Cancer du sein : un dépistage revu et corrigé
Alors que débute la campagne "Octobre rose", destinée à promouvoir le dépistage du cancer du sein, le ministère de la Santé a annoncé ce 3 octobre "une rénovation profonde" du programme français. Cette annonce fait suite à la remise d'un rapport remettant en perspective les bénéfices, pour une partie de la population, du dépistage non ciblé.
Douze ans après sa généralisation à l’ensemble des femmes françaises de plus de 50 ans, le programme de dépistage du cancer du sein peut – et doit – se réinventer. Tel est l’avis du ministère de la Santé qui, dans un communiqué diffusé ce 3 octobre, juge nécessaire d'aller vers plus de personnalisation, et de mieux informer les bénéficiaires du programme de ses avantages et de ses inconvénients. Les modalités de cette refonte seront annoncées d’ici à la fin de l'année 2016.
Cette annonce fait suite au lancement, fin 2015, d'une "concertation citoyenne et scientifique" destinée à "améliorer" le programme de dépistage organisé du cancer du sein. Début septembre, les conclusions ont été remises à Marisol Touraine. Ce document préconise l'"arrêt du dépistage organisé tel qu'il existe aujourd'hui" et la "mise en place d'un nouveau dépistage organisé, profondément modifié". Certains membres de ce comité réclamaient même l'arrêt pur et simple du programme de dépistage organisé, pour laisser les médecins décider au cas par cas de la pertinence d'une mammographie, selon les conclusions de ce rapport.
L'Institut national du cancer rejoint les conclusions du rapport
Sur la base de ce rapport, l'Institut national du cancer (INCa) a envoyé un courrier le 16 septembre à Mme Touraine, l'encourageant à engager sans tarder la rénovation du programme de dépistage, "en l'inscrivant dans une logique plus individualisée du parcours de santé, prenant appui sur le médecin généraliste".
Il juge aussi nécessaire de donner aux femmes "une information complète, fiable et neutre, pour leur permettre de prendre une décision éclairée".
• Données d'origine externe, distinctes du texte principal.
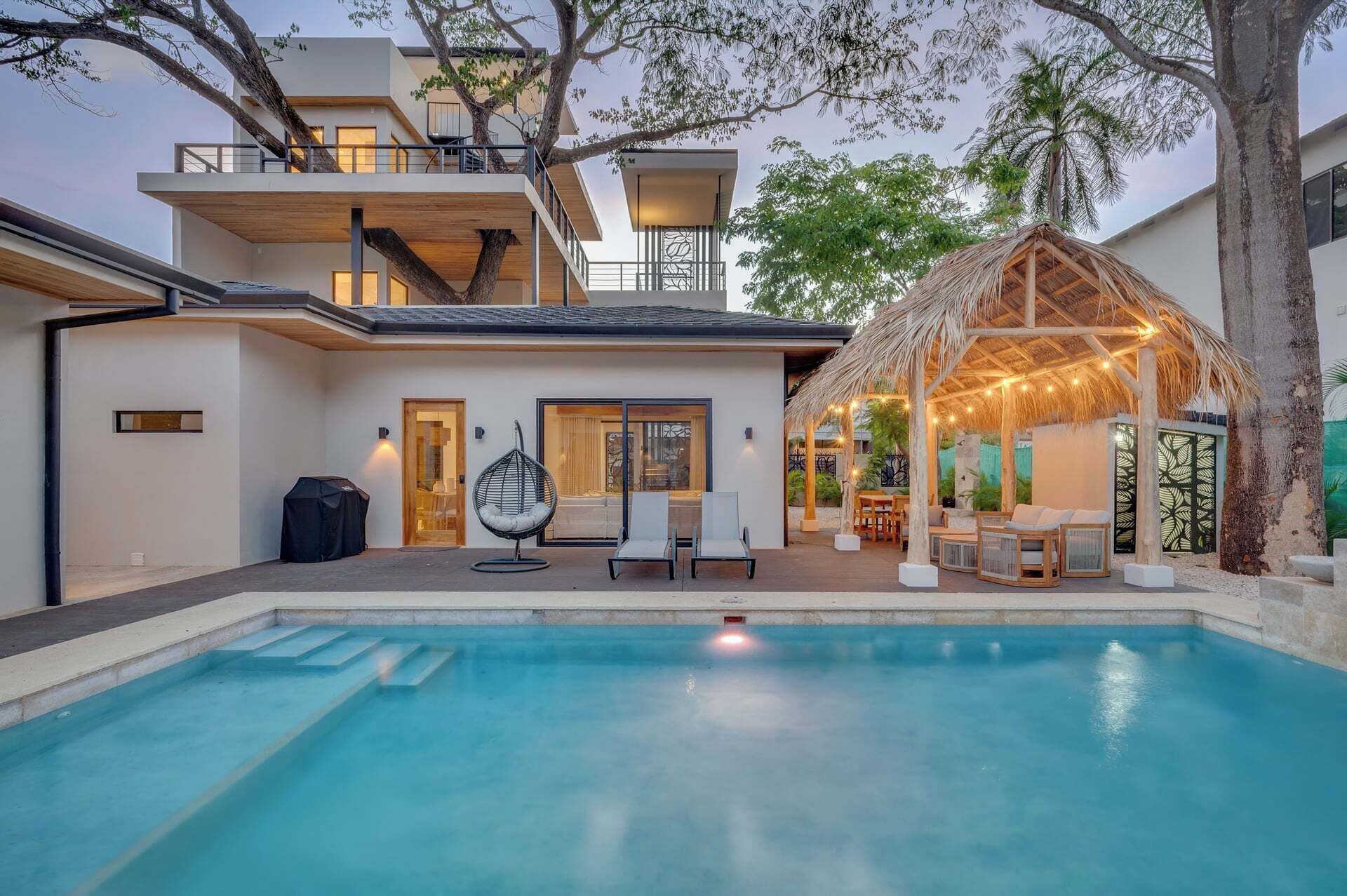 Una casa moderna con piscina, mobiliario de exterior y techo de paja.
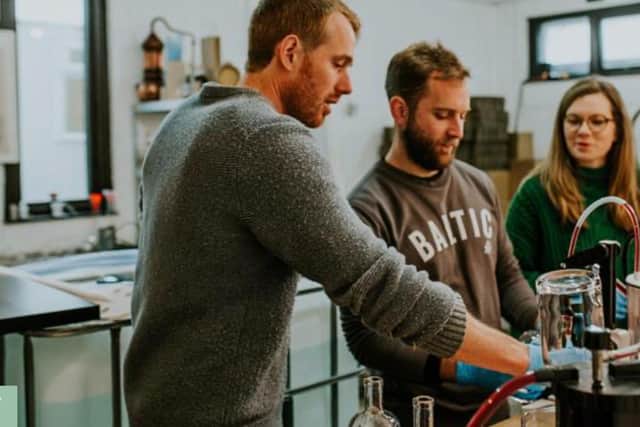 Jonny Ingledew (left) and Kate MacDonald (right) at work at North Harris Distillery where they make their award-winning gin with small batch whisky coming soon. PIC: Contributed.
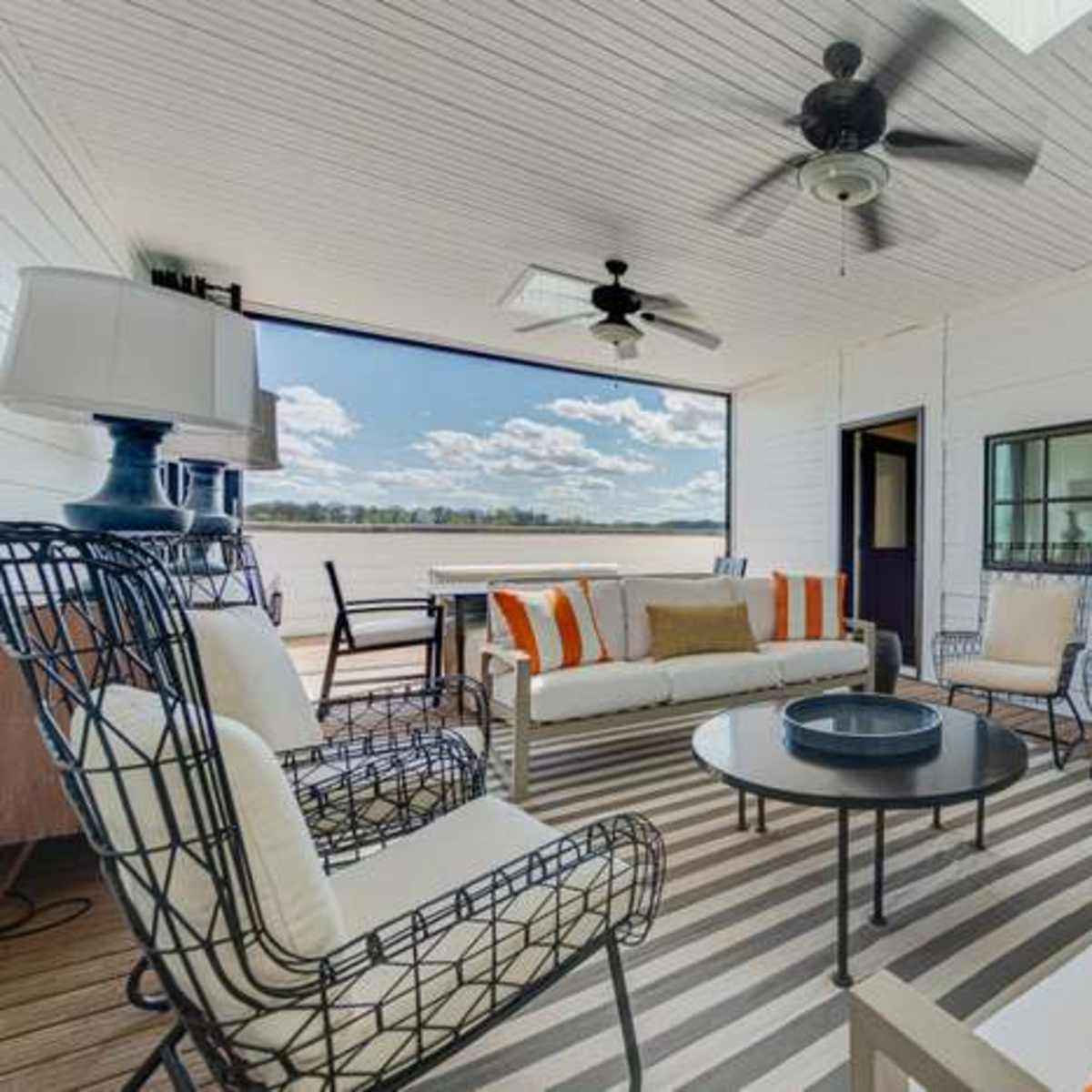 A covered outdoor seating area with metal framed chairs and sofa, a round table, and a light fixture, all arranged on a striped rug.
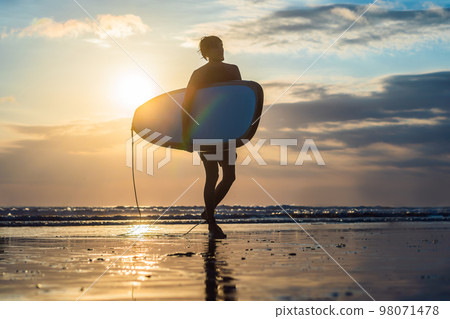 Vacation Silhouette Of A Surfer Carrying His Surf Board Home At Sunset With Copy Space Vacation Silhouette Of A Surfer Carrying His Surf Board Home At Sunset With Copy Space 98071478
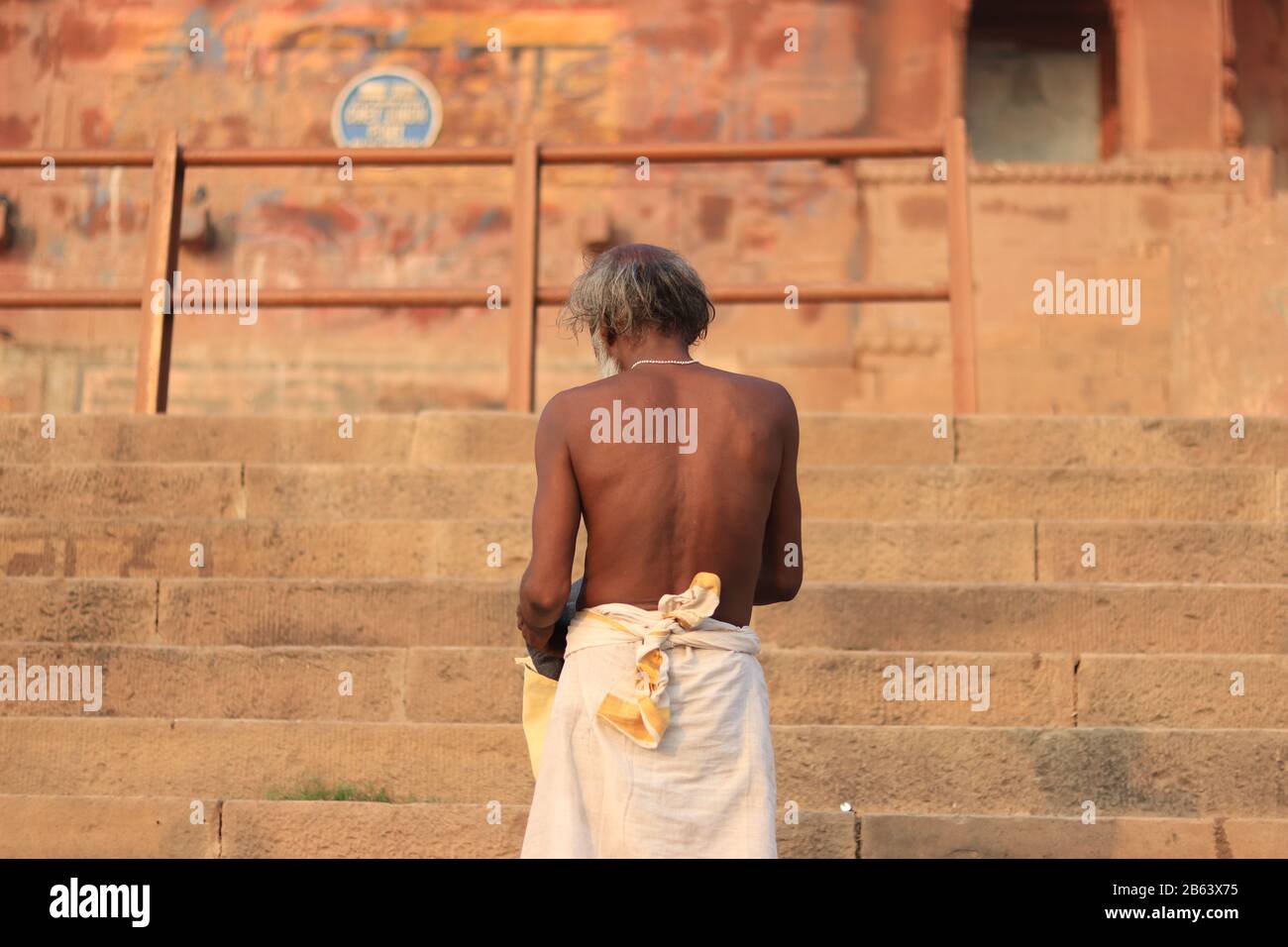 Vecchio uomo si trova di fronte al forte di Chet Singh dopo aver preso un bagno santo Foto Stock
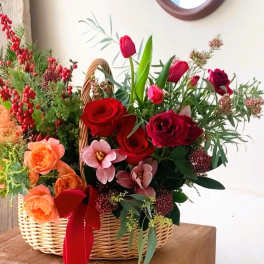 Basket arrangement of red and peach roses with tulips and berries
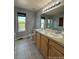 Bathroom with double vanity, toilet, and shower at 23671 E Alabama Dr, Aurora, CO 80018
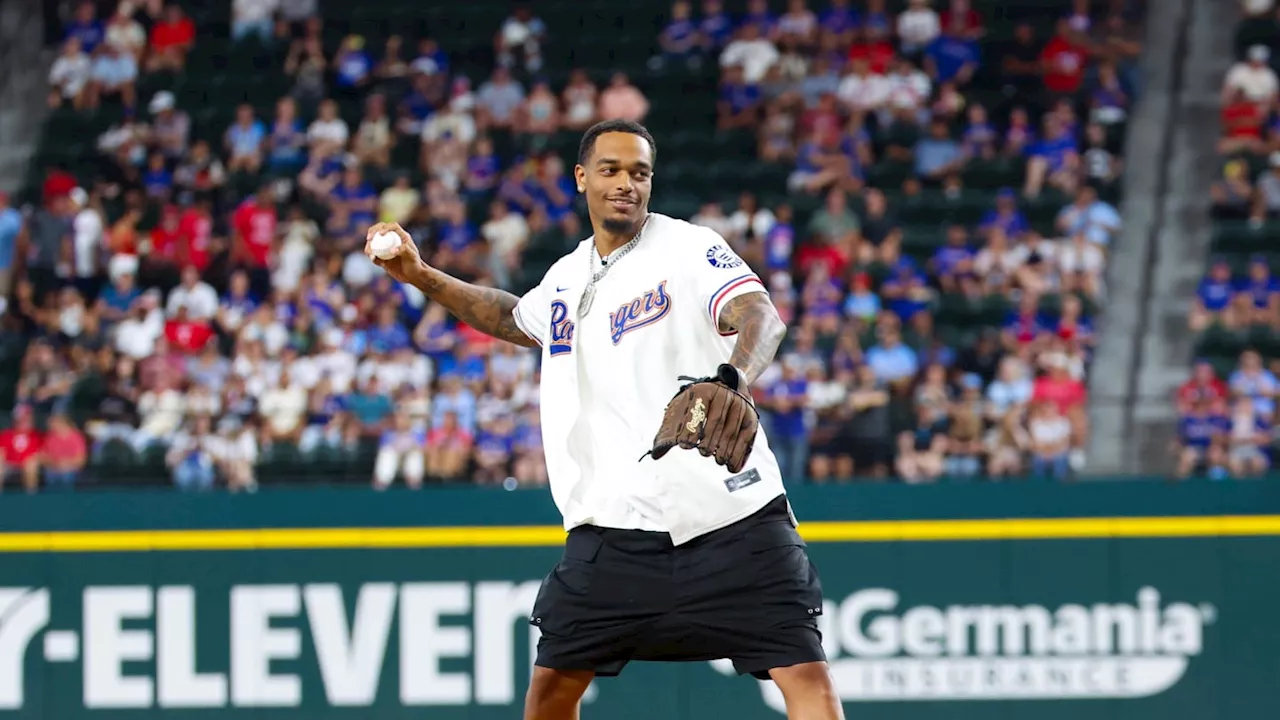 Dallas Mavericks' P.J. Washington Throws First Pitch at Texas Rangers Game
Ne pas abandonner le dépistage, mais l’améliorer
L'INCa, organisme qui coordonne l'ensemble des acteurs français de la cancérologie, appelle à soutenir la recherche pour mieux reconnaître les anomalies susceptibles d'évoluer rapidement ou de se transformer en cancer agressif, et ainsi limiter le surdiagnostic et le surtraitement (détection et ablation de cellules anormales, mais qui n'auraient jamais évolué en cancer du sein).
L'institut estime en revanche qu'un abandon pur et simple du programme serait "très risqué, générateur d'inéquités et de pertes de chance". Il prône par ailleurs un remboursement à 100% de l'échographie comme outil de dépistage complémentaire à la mammographie, pour "supprimer les freins financiers qui demeurent".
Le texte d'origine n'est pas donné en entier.